Walls in Tallaght estate used as escape routes for drug dealers and burglars

By Aura McMenamin

Residents in Russell Estate, Tallaght, have been promised funding for security fencing in their estate, after they complained of walls in the estate being used as escape routes for burglars and drug dealers.

Sinn Féin councillor Louise Dunne said she put in the request to South Dublin Council after receiving calls from the chair of the resident’s association and a number of residents with their concerns.

Russell estate fencing 14082017

Cllr Dunne said that the area was ‘scourged’ by anti-social behaviour.

She said: “There are youths and adults climbing over back walls after dealing or robbing cars or houses. They would be from outside Russell Square.”

She added: “Several residents have rung me to complain that they were coming home from work and finding signs that attempts had been made to force open their windows or back doors.”

Although Dunne couldn’t give a quote for the security fencing, she said she met with a contractor and state management officer last month.

Railings in the estate were measured and the project has gone out to tender.

One resident, who did not wish to be named, said she had lived in the estate for 12 years and had noticed crime getting progressively worse.

She said: “People don’t want to leave their homes.
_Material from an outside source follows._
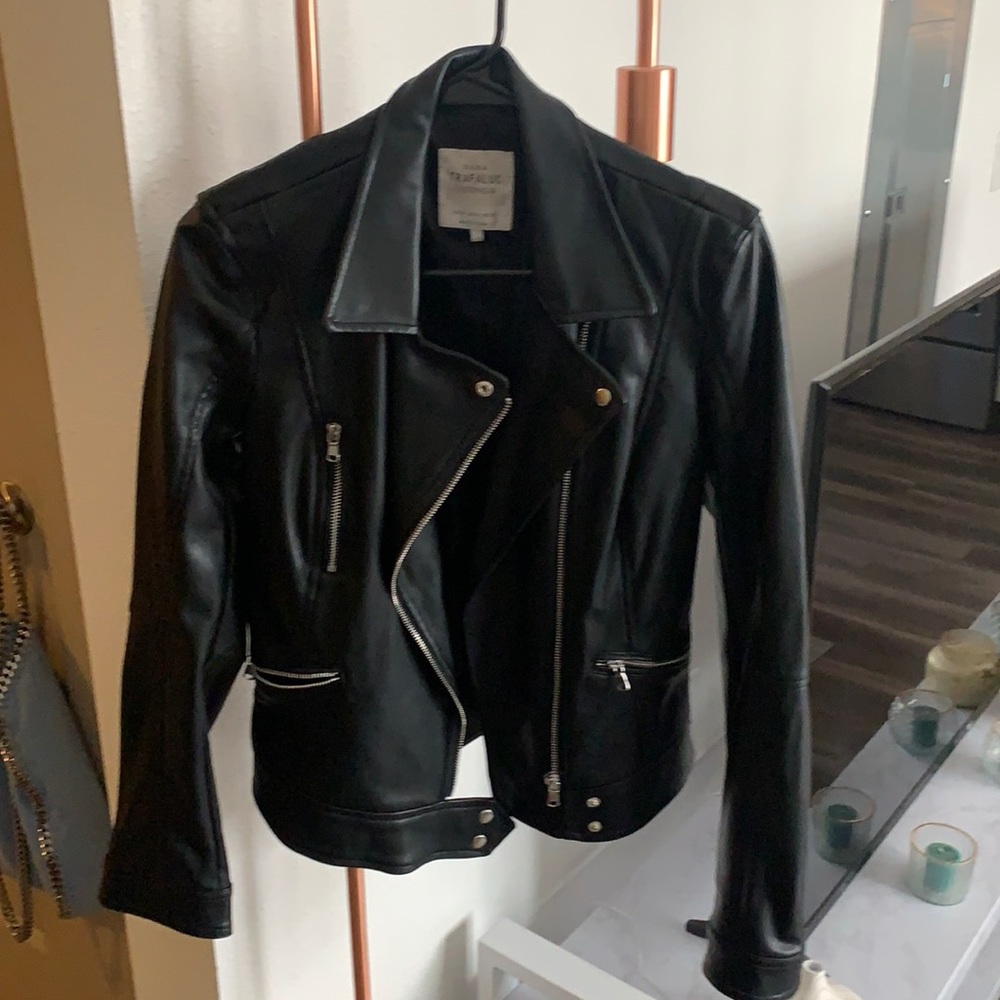 Zara leather jacket size M! Like new condition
Drug dealers will jump over walls in the estate, or deal to addicts through the fencing.

Russell estate vandalism 14082017

“They break into homes at four o’clock in the day. People will come from work to find burglaries.”

The woman said that the perpetrators range in age: “One neighbour saw a man in his 40s try to open every car at six in the morning. Then the man just walked into a neighbour’s hall before getting chased out.
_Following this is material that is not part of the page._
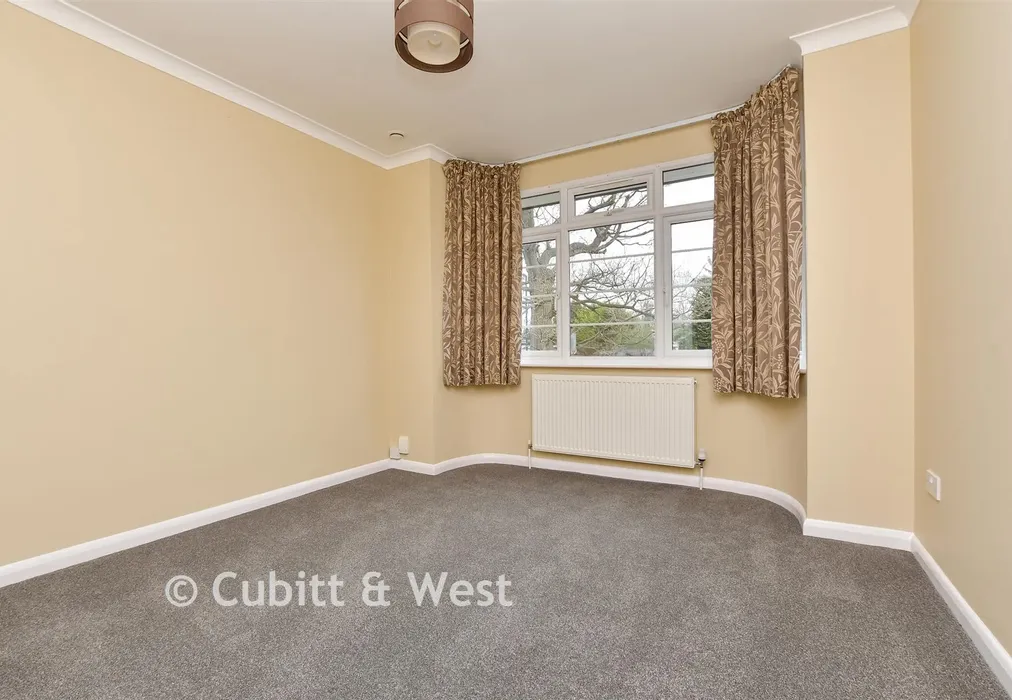 Bedroom 1 - Bridle Road, Shirley, Croydon, Surrey - Wards of Kent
“Sometimes you’ll get teenagers aged 12-17 that climb over walls into gardens at 4am after a night out.”

The Russell Square Residents Association formed earlier this year and hopes to bring the community together to act against crime. They set up a Facebook page, which they said is ‘the only way to stay on top of things’ by allowing people to post incidents in the area in the hope.

The Russell Square woman said: “Even to see that the fencing was going to be put up, people were so happy. People are starting to stand up for themselves.”

However, she said they were disappointed by the lack of engagement from their community garda and claimed several emails attempting to reach out had been ignored.

In response, Garda Inspector Raymond Blake said that if a communication problem existed, it needed to be addressed. However he defended the ‘incredible dedication’ of the newly-appointed community garda in the area.

The woman said a year-and-a-half ago, around five dogs in the area died from suspected poisoning during the same time period. During another incident, she heard her windows being smashed ‘for no apparent reason’ and opened the door to find someone in a balaclava wielding a sledgehammer.

She laughed incredulously, saying: “I honestly don’t know what goes through these people’s heads.”

However, growing serious, she said the level of crime was taking its toll on the community: “The heartbreak caused is unbelievable. It costs so much to repair these things.

“People get isolated. With the violence around, it keeps them confined to their houses.”